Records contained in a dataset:
# # # #

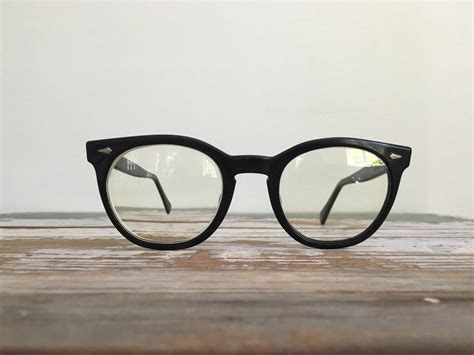 60s Eyeglasses Horn Rimmed American Optical Black Frames Beatnik Wayfarer… Horn Rimmed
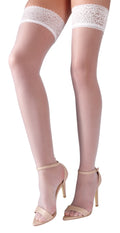 Cottelli LEGWEAR Hold-up stockings met 7 cm kanten bovenstuk - Wit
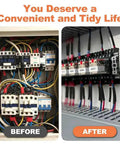 Before and after comparison of electrical wiring using 420 Pieces Heat Shrink Tube Kit With Seven Sizes Dual Wall Glue Lined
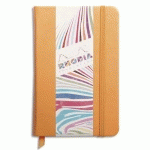 RHODIARAMA CARNET REMBORDÉ RIGIDE 9X14 CM 192 PAGES UNI PAPIER IVOIRE 90G FERMETURE ÉLASTIQUE - ORANGE - LOT DE 2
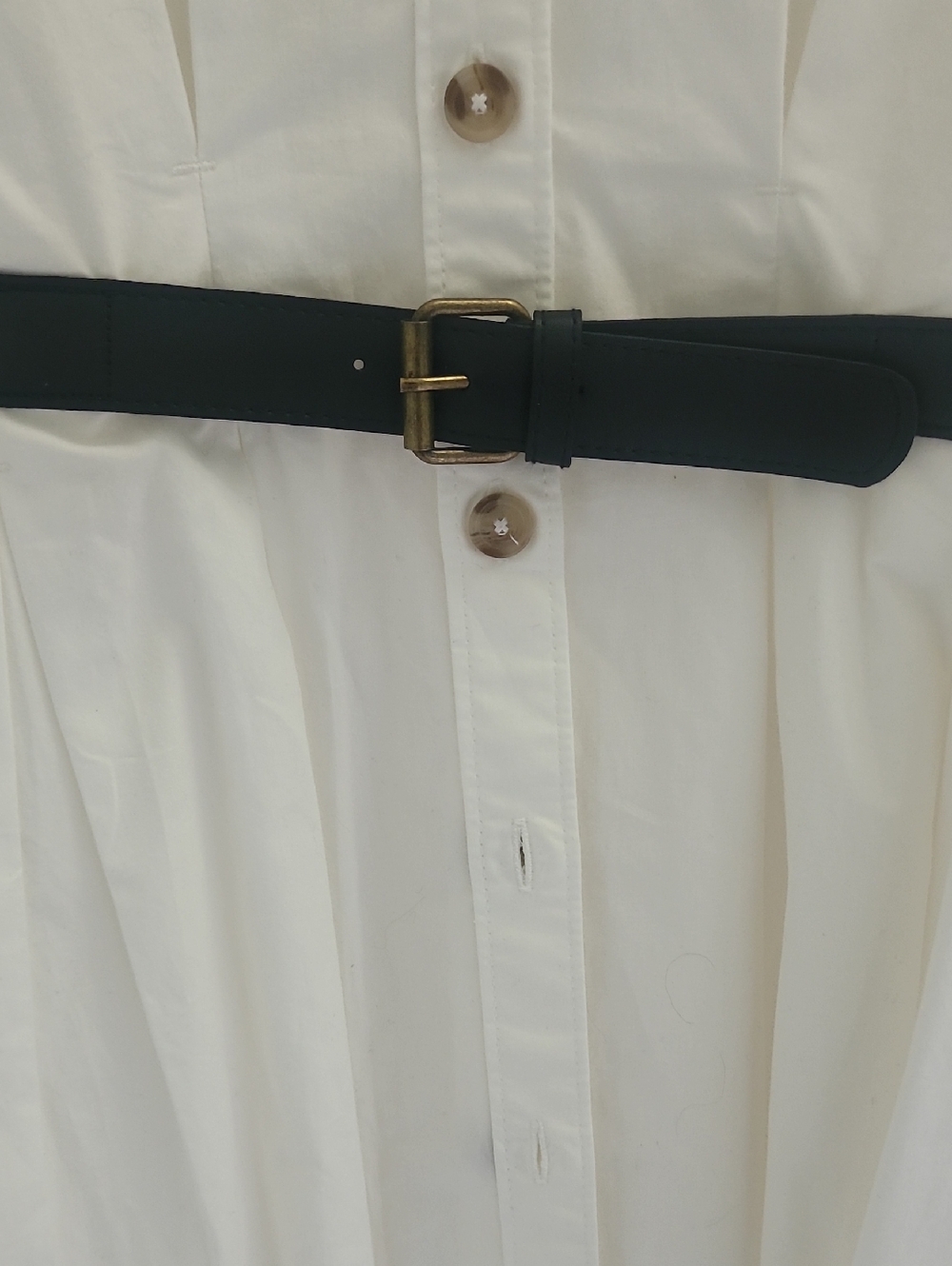 NWT By Anthropologie Belted Buttondown Shirt Women's Size 8 White Cotton Peplum - Picture 8 of 13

# # # #

Your objective: Set down every record exactly as written, but drop the pictures.

The completed task:
 60s Eyeglasses Horn Rimmed American Optical Black Frames Beatnik Wayfarer… Horn Rimmed
 Cottelli LEGWEAR Hold-up stockings met 7 cm kanten bovenstuk - Wit
 Before and after comparison of electrical wiring using 420 Pieces Heat Shrink Tube Kit With Seven Sizes Dual Wall Glue Lined
 RHODIARAMA CARNET REMBORDÉ RIGIDE 9X14 CM 192 PAGES UNI PAPIER IVOIRE 90G FERMETURE ÉLASTIQUE - ORANGE - LOT DE 2
 NWT By Anthropologie Belted Buttondown Shirt Women's Size 8 White Cotton Peplum - Picture 8 of 13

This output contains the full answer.